İklim değişikliği gözle görülse de, kömüre yatırım devam ediyor
2011 yılında yayımlanan İklim Değişikliği Ulusal Eylem Planı, Türkiye’de yıllık ortalama sıcaklığın gelecek yıllarda 2,5°- 4°C artacağını, artışın Ege ve Doğu Anadolu Bölgeleri’nde 4°C’yi, iç bölgelerinde ise 5˚C’yi bulacağını öngörüyor.
Türkiye’de iklim değişikliğinin etkilerini birebir yaşamamıza rağmen, değişikliğin büyük nedenlerinden kömürlü termik santrallere yatırım hızla devam ediyor. Türkiye’de şu anda 60 yeni kömürlü santral planı var. Kömürlü termik santraller, hem iklim değişikliğine neden oluyor, hem de yeraltı su kaynaklarına büyük zarar verirken su kaynaklarının azalmasına ve kirlenmesine sebep oluyor. Bunun yanı sıra, güneş ve rüzgar gibi temiz enerjilere yönelmek yerine daha fazla HES yapılarak nehirler baskı altına alınıyor. Oysa iklim değişikliği HES’lerin üretimdeki payının düşmesine neden olacağından, bu açık daha yüksek maliyetli doğal gaz ve kirli kömür santralleri ile ikame edilecek. Bu kısır döngüden kurtulmak için önce fosil yakıtlara bağımlılığımızdan kurtulup iklimi dengelemeli ve teknolojiyi daha fazla su tüketmek üzere değil, suyu az kullanma teknolojilerini geliştirmek üzere kurgulamalıyız. Yatırım planlamaları yapılırken yatırımların uzun vadeli çevresel, sosyal ve ekonomik etkileri göz önünde bulundurulmalı ve havza ölçeğinde planlanmalı.

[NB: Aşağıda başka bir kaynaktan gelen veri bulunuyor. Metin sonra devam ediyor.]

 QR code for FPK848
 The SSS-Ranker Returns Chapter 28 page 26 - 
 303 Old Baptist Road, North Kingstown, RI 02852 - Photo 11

Kömürlü termik santrallerin su kullanımı
TÜİK tarafından açıklanan verilere göre 2012 yılında termik santraller tarafından 6,4 milyar metreküp su çekildi. Bu miktar, Türkiye'de yıllık insan kullanımı için uygun olan su miktarının yaklaşık %6'sınakarşılık geliyor. Yerli linyit ile yapılması planlanan diğer santraller de faaliyete geçerse bu rakamın katlanması bekleniyor. TEMA'nın 2013 yılında yayınladığı uzman raporunda da belirtildiği gibi sırf Konya Karapınar Havzasındaki yapılması planlanan 5870 MWe santralin yılda 2.585.952.000 m3 su kullanacağı tahmin ediliyor.